Chemistry Help with Adding a Strong Acid to a Buffer-trying to find delta pH.?

Okay so here is the problem:



A beaker with 155 mL of an acetic acid buffer with a pH of 5.00 is sitting on a benchtop. The total molarity of acid and conjugate base in this buffer is 0.100 M. A student adds 9.00 mL of a 0.410 M HCl solution to the beaker. How much will the pH change? The pKa of acetic acid is 4.760. What is the delta pH? (change in pH).

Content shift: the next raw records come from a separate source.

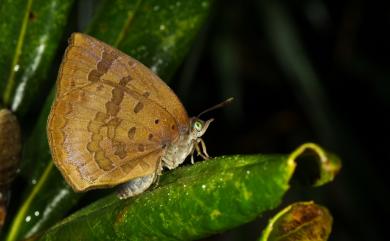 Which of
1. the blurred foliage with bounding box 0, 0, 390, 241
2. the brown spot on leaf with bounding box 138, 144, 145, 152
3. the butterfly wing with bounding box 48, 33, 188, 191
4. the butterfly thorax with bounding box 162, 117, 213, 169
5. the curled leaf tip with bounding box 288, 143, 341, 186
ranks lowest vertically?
the blurred foliage with bounding box 0, 0, 390, 241

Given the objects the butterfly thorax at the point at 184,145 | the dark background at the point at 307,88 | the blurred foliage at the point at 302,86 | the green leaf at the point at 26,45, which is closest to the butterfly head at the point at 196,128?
the butterfly thorax at the point at 184,145

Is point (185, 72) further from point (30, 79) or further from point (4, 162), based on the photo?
point (4, 162)

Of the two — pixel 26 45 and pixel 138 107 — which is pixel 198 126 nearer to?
pixel 138 107

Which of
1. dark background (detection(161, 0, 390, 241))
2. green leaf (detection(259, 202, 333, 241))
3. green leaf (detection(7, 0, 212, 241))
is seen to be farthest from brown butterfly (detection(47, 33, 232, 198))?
dark background (detection(161, 0, 390, 241))

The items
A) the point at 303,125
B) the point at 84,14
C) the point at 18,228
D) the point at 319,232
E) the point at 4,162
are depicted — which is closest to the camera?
the point at 319,232

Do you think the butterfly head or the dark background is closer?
the butterfly head

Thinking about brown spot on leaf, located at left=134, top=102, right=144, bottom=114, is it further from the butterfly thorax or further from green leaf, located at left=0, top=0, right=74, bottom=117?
green leaf, located at left=0, top=0, right=74, bottom=117

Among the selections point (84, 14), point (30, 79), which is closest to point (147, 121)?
point (30, 79) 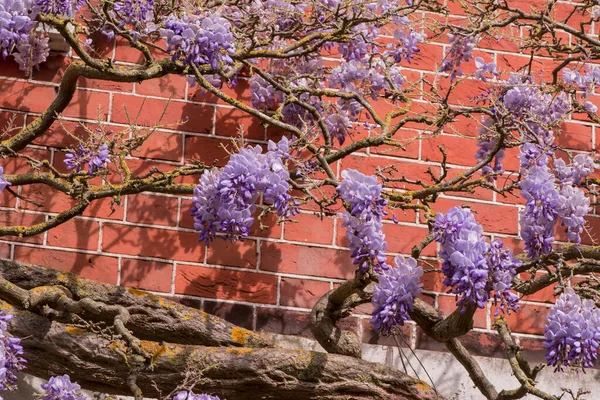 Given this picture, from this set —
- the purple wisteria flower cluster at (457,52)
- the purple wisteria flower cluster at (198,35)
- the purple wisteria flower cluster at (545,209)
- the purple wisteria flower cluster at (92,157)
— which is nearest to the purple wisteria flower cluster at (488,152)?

What I initially thought--

H C2H3O2 --%26gt; H+ %26amp; (C2H3O2)-1

I .005549____________.009951

C +.00419 ____________-.00419

E .009739____________.005761

(btw I got .00419 by adding .009 and .410 then dividing by 1000)



then I used this formula:

1.74x10^-5= x(.005761/.009739)

x=[H+]= 2.94148x10^-5

-log(2.94148x10^-5)= 4.5313

therefore the pH=4.53

since they were asking for the change of pH I subtracted

5.00-4.53 = .4686

and apparently that is INCORRECT....



ssooo.....I dont know what I did wrong

PLEASE help me, and give step my step instructions as well

Because I'm totally lost now...Chemistry Help with Adding a Strong Acid to a Buffer-trying to find delta pH.?
Let the initial concentrations be a and b(of acid and conjugate base res.)



5 = 4.76 + log(b/a)



So b/a =1.738.



And b + a = 0.1



Solving the two, b = 0.0365 and a = 0.0635



milliMoles of acid = 0.0635*155 = 9.8425



milliMoles of conjugate base = 5.6575



On addition of .410*9 = 3.69 milliMoles HCl, the acid = 9.8425 + 3.69= 13.5325 and base = 5.6575 - 3.69 = 1.9675.



So the pH = 4.76 + log(1.9675/13.5325) = 4.76 - 0.8375



So change in pH is 5 - 4.76 + 0.8375 = 1.0775(approx.)



There might have been some calculation mistake please check the calculations.